[INFORMATION SHOWN]
========================
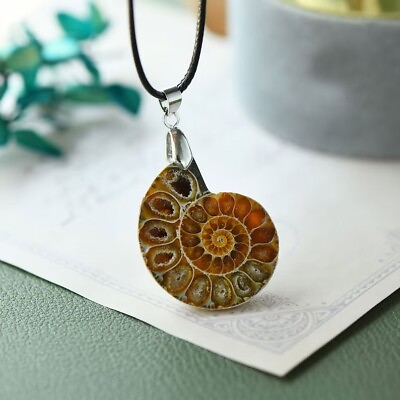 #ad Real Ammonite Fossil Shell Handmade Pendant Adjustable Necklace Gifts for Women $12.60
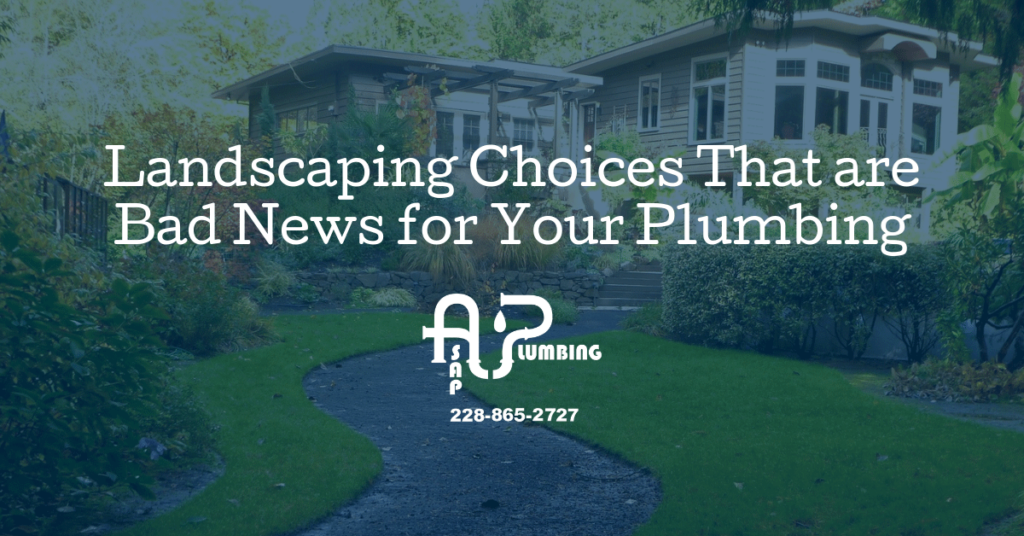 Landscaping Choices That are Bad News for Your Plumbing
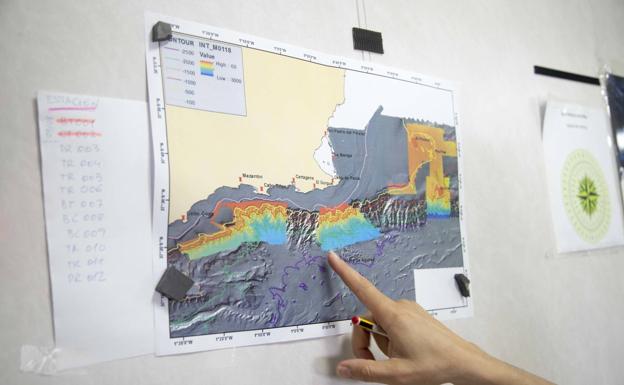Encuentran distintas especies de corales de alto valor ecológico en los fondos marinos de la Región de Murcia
========================
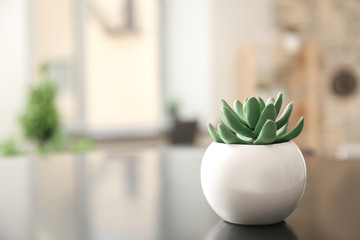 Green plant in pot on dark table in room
========================
Within the listing above, find the line containing "#ad Real Ammonite" and the line containing "Encuentran distintas especies". Transcribe them and everything between them exactly, leaving out the pictures.

 #ad Real Ammonite Fossil Shell Handmade Pendant Adjustable Necklace Gifts for Women $12.60
 Landscaping Choices That are Bad News for Your Plumbing
Encuentran distintas especies de corales de alto valor ecológico en los fondos marinos de la Región de Murcia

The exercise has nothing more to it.